Lesson: If at first you don’t succeed, have Frank Darabont write the movie adaptation.
Sad though it is, Shame September must once again come to an end. I saved The Mist for last, because it has the most hype as being a legitimately good movie. Also, there is a television show being birthed from this movie. I’m not sure about it. It comes with high accreditation, having been directed and written by a Mr. Frank Darabont, whom you may know from some of the better known Stephen King adaptations like The Green Mile and The Shawshank Redemption.
His deft ability to work with King’s source material shows itself once again with The Mist, which is not only my favorite movie I’ve reviewed for Shame September, but potentially my favorite King movie now. I was actually engaged enough to go out and locate the novella that inspired the movie and then read it. And let me tell you – the novella is okay, but the movie is great.
You know how I’ve been whining a lot about these King adaptations? About how they’re campy and not very scary and the endings are underwhelming? Well I take it all back. The Mist is a delight. Caution: There will definitely be spoilers ahead.

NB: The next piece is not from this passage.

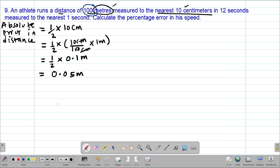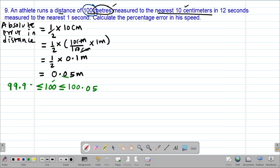The actual distance was 100 meters. Therefore the limits within which the distance lies: the maximum possible distance will be 100 meters plus 0.05 meters, giving us 100.05 meters. The minimum possible distance will be 100 minus 0.05 meters, giving us 99.95 meters. So those are the limits within which our distance lies.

Now, The Mist is well and good-hyped on the interwebz, so I knew something was janky before launching into it. AKA I knew there would be monsters, although I was under the naive mis-guided internet assumption that they would be zombies or something equivalent. You can imagine my surprise when the first tentacle showed up. But – before we get to the monsters, let’s talk about what this adaptation did right. Firstly, they used the mystery of the mist well, but also managed the pacing very well. The film opens with our protagonist’s family and the terse anxiety that comes with a large storm and dealing with the aftermath. Soon, however, we’re locked in a supermarket with no idea what’s going on but we know the mist has something dangerous. This is where the film has to make a decision – the ‘mist’ is not enough to keep everyone inside, and one person screaming in the fog is not enough. So we get our first tentacle, and it’s bloody and disgusting and shocking.
This could have been a movie about a Kraken in the Mist and I probably would have been a happy camper (Grabbers) but it escalates in a beautiful way. For one, there are more monsters. This quickly evolves into a Lovecraftian monster situation, with creatures that defy man’s comprehension and imagination. Some you never get a clear look at, but there’s visual satisfaction from the insects and smaller creatures. There are also terror-inducing spiders. Guys I hate spiders so much. I can deal with everything but spiders are so creepy holy god. I could go a long time without that scene with the guy and his spider-egg ridden screaming body falling and exploding into tons of tiny spiders. I am freaked out just typing about it. Here, have a Wiki with all the details about the monsters.
Secondly, The Mist deals with people well. Everyone has notes of an overplayed character (religious zealot, mom, hick, etc.) but generally speaking the characters are well rounded enough to function with a bit of humor. People are relatable enough that you might feel a pang of remorse as they die. In fact, the characterization is strong enough that the internal drama is just as interesting as the monster drama (Take notes, “The Walking Dead”) and often times is happening concurrently. The novella had some unnecessary complications while the film felt rounded out and more complete.
Thirdly, the ending is so improved that King regrets not writing it originally. The film builds to this final moment of desperation and because the car ride is made primarily in silence after such a gruesome escape it has a very grim, stoic feel. The final moments are terse as you wait to see if the characters will carry through their threat of suicide. So terrible is the fate awaiting them outside, so great is their fear that they can’t stand to face it, not together and not apart. I think I audibly gasped when the mist rolls away. More cynical viewers may have predicted the end, and I think a part of me suspected it, but I like to think that one of the best things about me as a reviewer is that I am able to be completely taken up by a good film. Such was the case with The Mist.
So to conclude, The Mist is a great horror movie, mediocre CGI aside. Genuinely scary, gut-wrenching with some truly fantastic creature design and much more production value than the other movies in Shame September.